== What you need to do ==
Transcribe only the part of the material below that begins at the line containing "Stainless steel Cuban" and ends at the line containing "6 Horseguard Ln, Scarsdale, NY 10583", with both kept and images left out.

++++ Given data

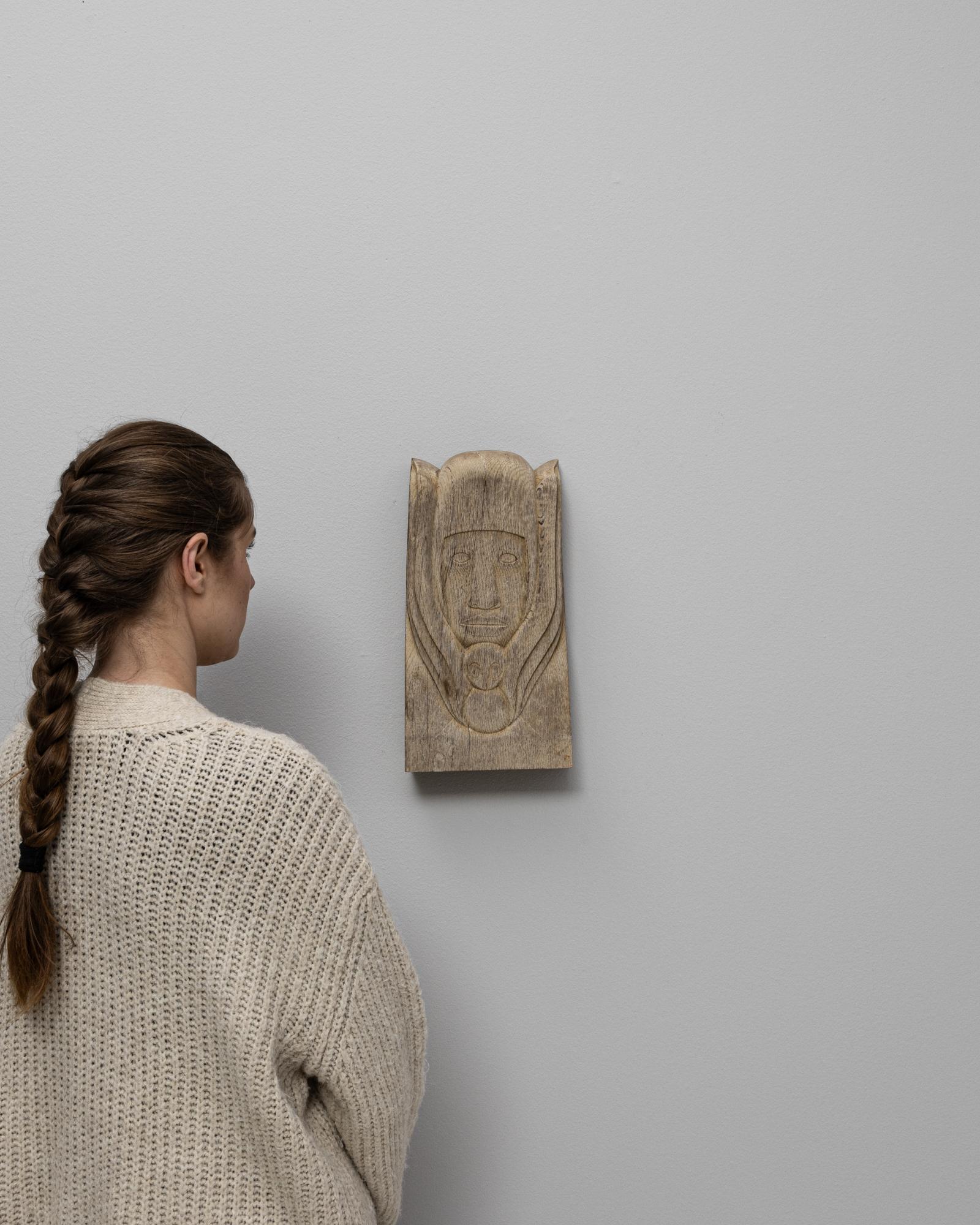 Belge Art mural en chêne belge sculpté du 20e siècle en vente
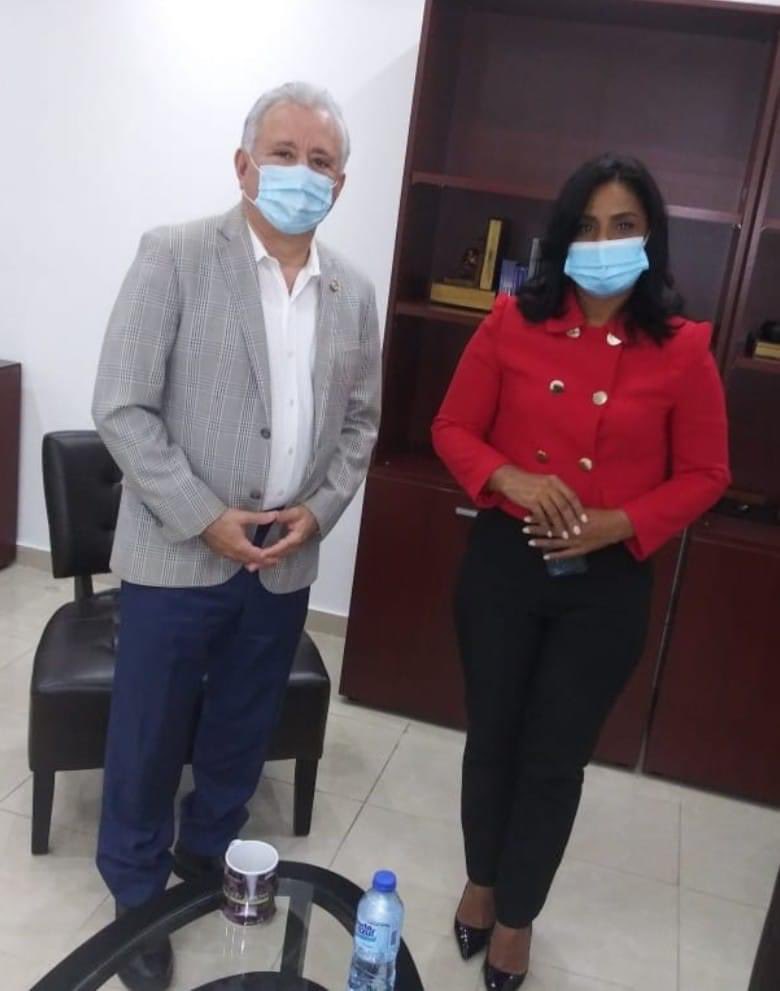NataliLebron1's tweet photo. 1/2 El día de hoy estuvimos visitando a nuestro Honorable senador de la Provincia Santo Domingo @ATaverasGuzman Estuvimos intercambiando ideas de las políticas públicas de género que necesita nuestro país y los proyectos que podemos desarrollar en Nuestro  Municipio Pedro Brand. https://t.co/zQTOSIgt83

++++++++
++++ Given data

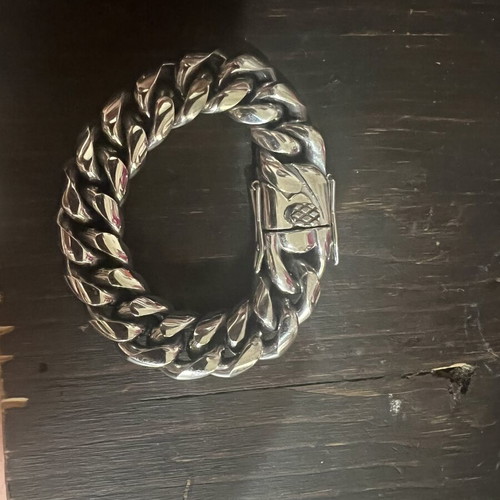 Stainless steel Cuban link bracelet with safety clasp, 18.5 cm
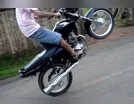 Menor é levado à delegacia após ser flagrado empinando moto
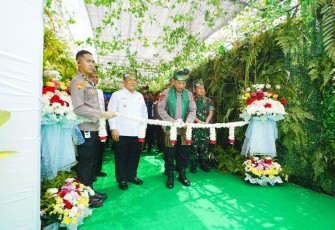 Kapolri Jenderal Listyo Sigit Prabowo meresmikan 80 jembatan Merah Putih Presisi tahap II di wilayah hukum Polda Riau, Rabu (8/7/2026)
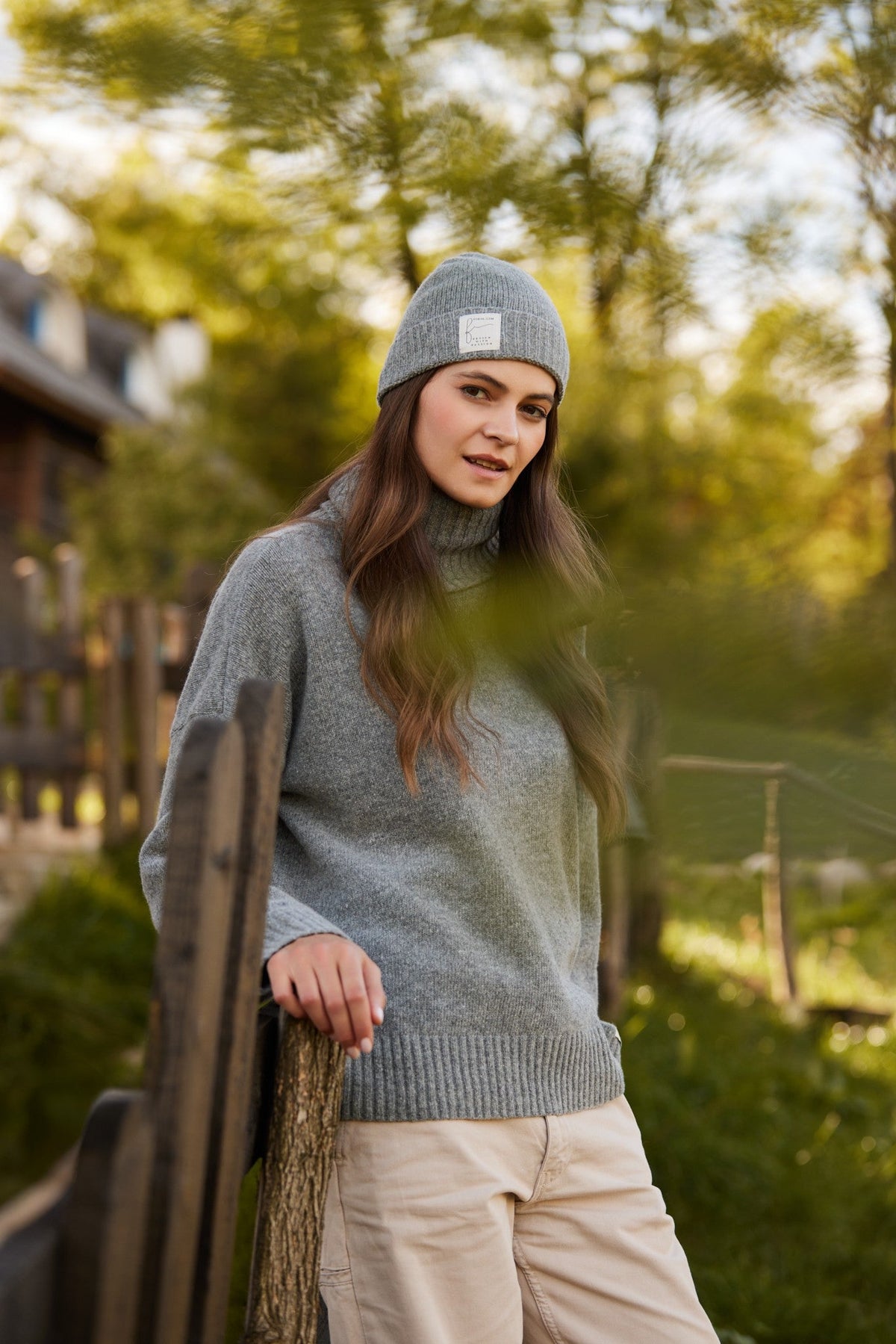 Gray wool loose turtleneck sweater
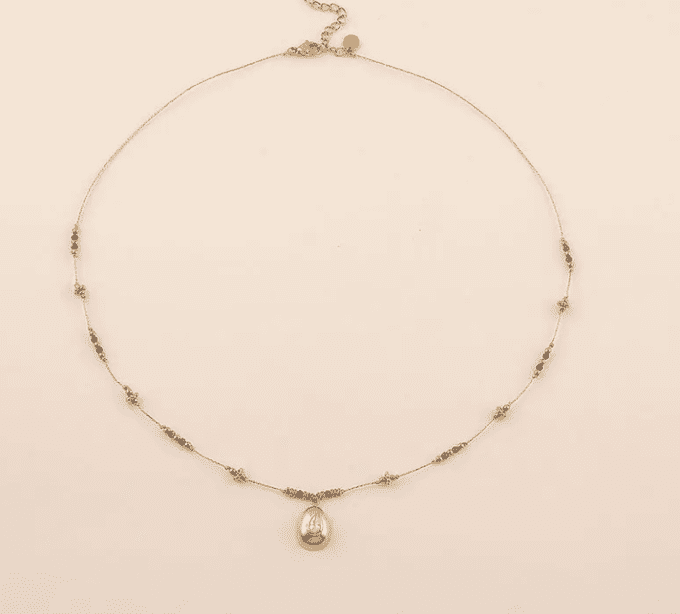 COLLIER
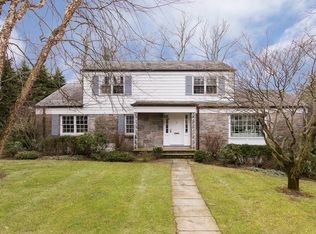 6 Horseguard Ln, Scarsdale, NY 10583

++++++++
++++ Given data

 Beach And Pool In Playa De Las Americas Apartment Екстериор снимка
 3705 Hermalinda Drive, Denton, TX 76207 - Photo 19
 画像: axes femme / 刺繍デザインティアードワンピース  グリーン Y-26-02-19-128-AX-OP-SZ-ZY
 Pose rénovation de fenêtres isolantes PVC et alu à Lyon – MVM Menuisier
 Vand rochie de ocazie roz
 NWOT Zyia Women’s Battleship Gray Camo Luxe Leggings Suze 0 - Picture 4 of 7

++++++++

== Result of this exercise ==
 Stainless steel Cuban link bracelet with safety clasp, 18.5 cm
 Menor é levado à delegacia após ser flagrado empinando moto
 Kapolri Jenderal Listyo Sigit Prabowo meresmikan 80 jembatan Merah Putih Presisi tahap II di wilayah hukum Polda Riau, Rabu (8/7/2026)
 Gray wool loose turtleneck sweater
 COLLIER
 6 Horseguard Ln, Scarsdale, NY 10583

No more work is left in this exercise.